Pourtant, on trouve encore tant de beauté dans ce roman. La beauté d'une gamine qui aime tellement son frère qu'elle ferait n'importe quoi pour le ramener au réel, la tendresse d'une jeune fille qui endosse le rôle de mère de substitution pour un petit garçon livré à lui-même, la résilience d'une victime pour que l'injustice cesse et que l'avenir redevienne promesse, l'amour découvert dans les bras d'une amie.
Au coeur de ce premier roman, c'est la question de l'appartenance qui apparaît en filigrane. La possession d'un corps, celui de Kia, qui semble être à tout le monde sauf à elle. Un corps utilisé par les hommes comme bon leur semble, un coeur confié à un frère déjà ailleurs, une vie laissée à la rue et à sa sauvagerie. La jeune fille ne s'appartient pas, car, au fond, elle n'a pas le temps de s'approprier son corps, elle n'a pas le temps d'être et d'exister. Elle n'a que le temps de survivre. À peine.

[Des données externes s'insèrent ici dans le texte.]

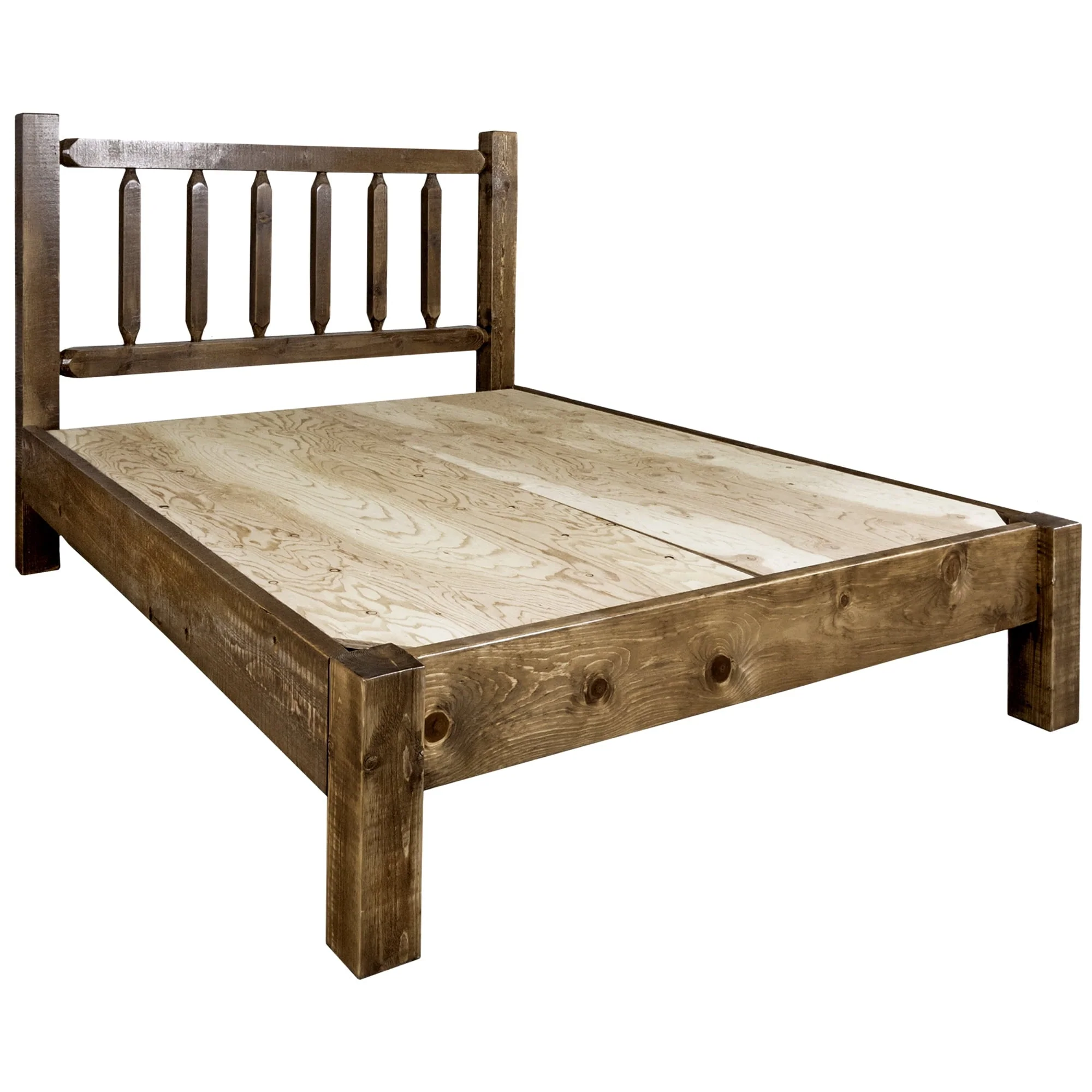 Homestead Collection Full Platform Bed, Stain & Clear Lacquer Finish - Image 4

Ce qui secoue profondément dans
Arpenter la nuit, c'est l'aptitude de
Leila Mottley à montrer les sacrifices d'une gamine qui fonce vers l'âge adulte à marche forcée, c'est la cruauté d'un environnement qui ne fait plus cas de l'âge ou du genre mais qui broie, détruit, annihile.
Que reste-t-il à la fin ? Que restera-t-il de Kia et de son frère, victime d'un rêve qui n'est pas le sien, hanté par un père à qui il n'a jamais su pardonner ?
Peut-être un dernier rempart, une dernière parcelle de lumière lovée dans l'amour que l'on se porte l'un à l'autre, dans la tendresse d'une mère envers son enfant, d'une soeur envers son frère ?
Ce qui est sûr, c'est qu'à l'arrivée, la rage bouillonne devant l'injustice et la laideur des hommes, et que l'on a envie de crier avec ces femmes qui traversent la nuit, renversées par la vie et par un système qui n'a plus rien d'humain pour elles.
Premier roman fulgurant à la dureté parfois extrême,
Arpenter la nuit regarde l'enfance que l'on détruit pour mieux combattre l'injustice. Par sa plume sensible et poétique,
Leila Mottley livre ici un vibrant récit de lutte(s) qui redonne forme et âme humaine aux victimes de la violence des hommes. Important donc, mais difficile.